The narthex contains a very fine ancient Roman carved sarcophagus, with figurines depicting a wedding and strigillate decoration. Also on the walls are sculptural fragments, including some from other sarcophagi, and bits of epigraphy. Some of the former look as if they may have come from the original Byzantine monastery, especially the knight and falcon on the left hand side. The main entrance door has beautiful Cosmatesque mosaic decoration with an inscription dating it to 1205 and signed by Magister Jacopo who was the father of the famous Cosmo.

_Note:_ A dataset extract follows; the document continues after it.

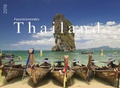 Cover: Kalender Thailand 2016: Momentaufnahmen eines Reisenden - WeitSicht Edition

The main interior walls are rendered in a sandy colour, and the open roof is in timber with trusses. The aisle arcades include columns salvaged from ancient buildings with Ionic capitals. Part of the nave floor is original Cosmatesque from the late 13th century, with five great discs of coloured marble. Further remains of Cosmatesque work by Pietro Vassalletto can be seen in the right-hand aisle, and these are thought to come from a former schola cantorum such as the one surviving at San Clemente.
The sanctuary is raised, and has a crypt below it. A baldacchino with antique black marble columns and a hexagonal canopy stands over the altar. A relic of St Sabas is preserved here. The crypt is constructed in the remains of the original monastic oratory, by dubious tradition the house of St Silvia.
The painting in the central apse was made for the Jubilee of 1575, and is a reproduction of an 8th century mosaic. The painting of the Crucifixion below the main apse painting is older, of the 14th century. In the apse is an episcopal throne with a Cosmatesque roundel. Above the arch of the apse, tucked into the roof gable, is a painting of the Annunciation executed in 1463 for Cardinal Piccolomini.
The outer left-hand aisle may originally have been a portico. It has paintings from the late 11th or early 12th century, depicting the Madonna and Saints with Our Lady, St Andrew, St Nicholas and St Sabas, and the Healing of the Lame from the 9th or 10th century. The latter was originally in the earlier monastic oratory, and the former were uncovered in the 1909 restoration. The scenes from the life of St Nicholas are especially interesting, and include a depiction of three girls in bed. The story is that they were too poor to marry and stayed in bed because they had no clothes, until the saint provided a bag of gold as a dowry. Those gold coins are the original source of the traditional pawnbroker's sign. It is dark here, but if you can find the light switch you can turn on some light. Do remember to turn it back off afterwards.
In the corridor leading to the sacristy, there are remains of 7th or 8th century frescoes depicting the monks of the Eastern community established here in the 7th century. These were transferred here after the oratory was excavated.
You may ask the sacristan to let you visit the crypt, in the old monastic oratory.
Apparently sometimes the main entrance of the church is not unlocked when the church is in use, so it is worth checking a side entrance on the Piazza Bernini.
The feast-day of St Sabas is December 5th.
Bus number 175 from Termini to Piramide passes the church; there is also the 715 from Circo Massimo which runs on a slightly different route but has the same stop here.